Why Don’t More College Men Report Sexual Assault?

The numbers show a gender gap in sexual assault reporting – but that doesn’t mean it’s not happening.

By Alain Stephens September 22, 2015 7:31 am,

Every parent knows that when they send their student off to college, they face a variety of dangers. One of the more grim realities is that of sexual assault.

The Association of American Universities surveyed over 150,000 students at 27 universities across the nation on the prevalence of sexual assault. The University of Texas at Austin was a participant in the survey, where a little over 18 percent of female undergraduates reported being a victim of sexual assault since enrollment – male students reported at about five percent.

But some say that gap may not be as wide the statistics show – because many male sexual assaults simply go unreported.

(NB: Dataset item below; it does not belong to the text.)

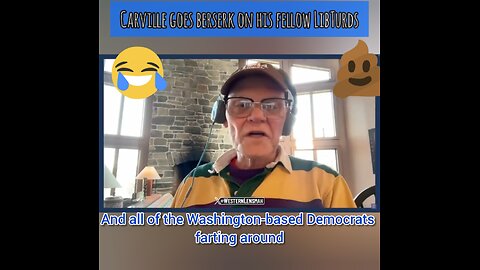 Carville Goes Beserk On His Fellow LibTurds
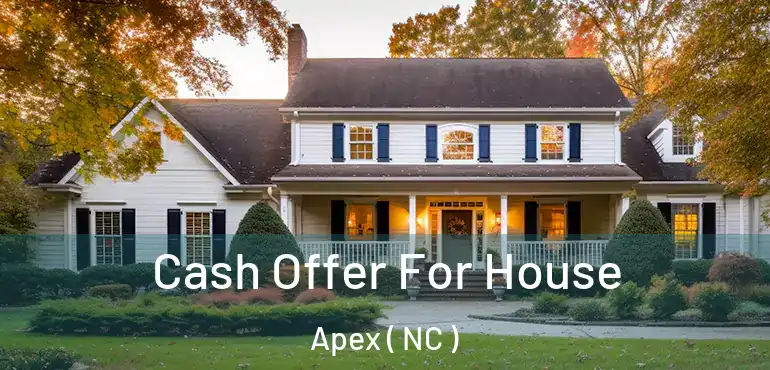  Cash Offer For House Apex ( NC )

Gloria Gonzales Lopez is sociology professor at the University of Texas at Austin who studies sexual violence and gender. She speaks with the Standard about these discrepancies.

“We live in a society that is incredibly homophobic and there’s always some kind of stigma,” González-López says, referencing her research concerning men with histories of sexual abuse during childhood and later in life.

“It goes hand-in-hand with this fear of compromising their sense of manhood,” she says. “Also, the idea that unwanted sexualized behavior that is not physically violent is at times very difficult to make sense of.”

González-López says the silence behind sexual violence of boys and young men is caused by a combination of social factors.